El San Juan de este año es toda una metáfora de lo vivido en este distópico 2020, un año en el que aún no se había puesto duro el turrón blando y el sol se apagó en un confinamiento dónde sacamos tres seis seguidos al parchís,  caímos en la casilla de la cárcel  o la de avance rápido del juego de la oca.

Este año, más que nunca, tendremos que construir hogueras de palabras para quemar tantos silencios, tendremos que atizar las llamas con más fuerza  para que nos dure más este sol escatimado, tendremos que lavarnos la cara con una poción mágica de hidrogel y  hierbas aromáticas, y saltar siete veces sobre mascarillas ardientes para recuperar las siete casillas que nos hemos comido en el encierro.

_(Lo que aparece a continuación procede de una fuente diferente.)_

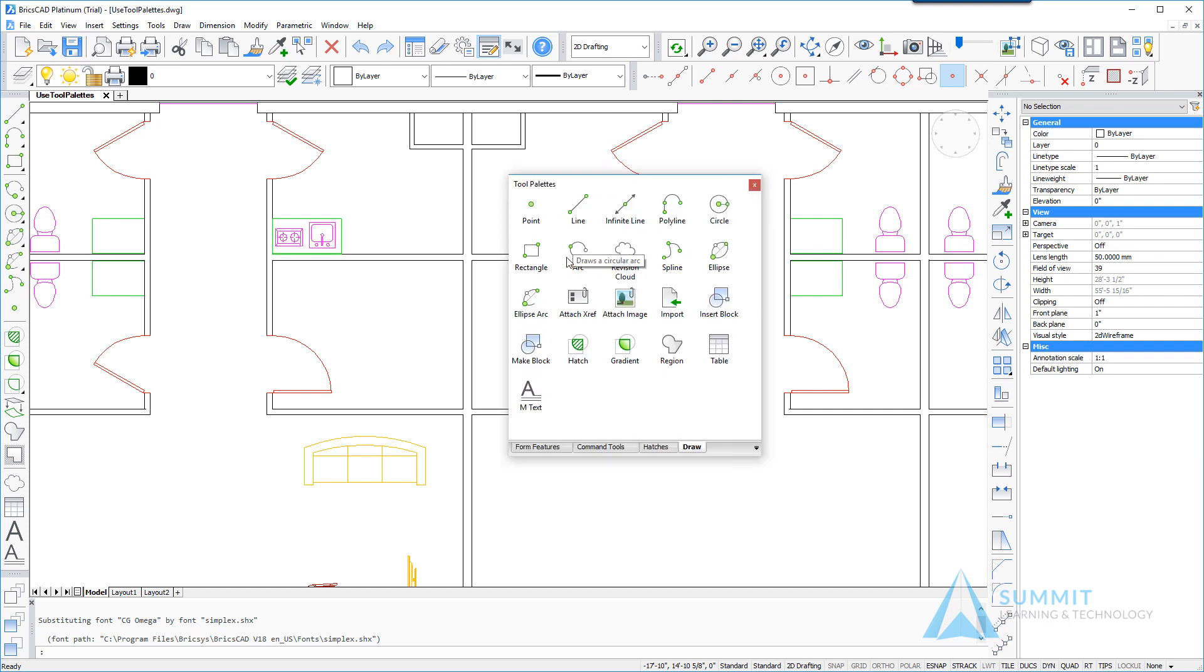And within the tool palettes window there are a series of palettes. Each palette is represented by a tab.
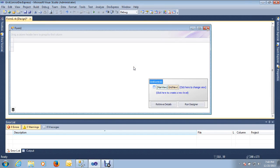Hi guys, this is Bilal Jamal. In this video tutorial, I am going to show you how we can add a new record, update the same record, and even delete the record from the database with a single run of code using DevExpress grid control with ASP.NET 2008.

Hogueras de silencios, hogueras de libertad, hogueras de paciencia y miedo, hogueras de dolor,  de soberbia y esperanza sin sardinas.

Que no falten los conjuros ni las llamas, que nadie olvide atizar el fuego purificador de virus y errores…Y saltar, saltar como el enano saltarín del cuento de Grimm para trocar la paja en oro o bañarse en la Lanzada para que las nueve olas mágicas fecunden lo que queda de año en algo más que aplausos, cifras, chinos, fases, distancias interpersonales y aroma de formol.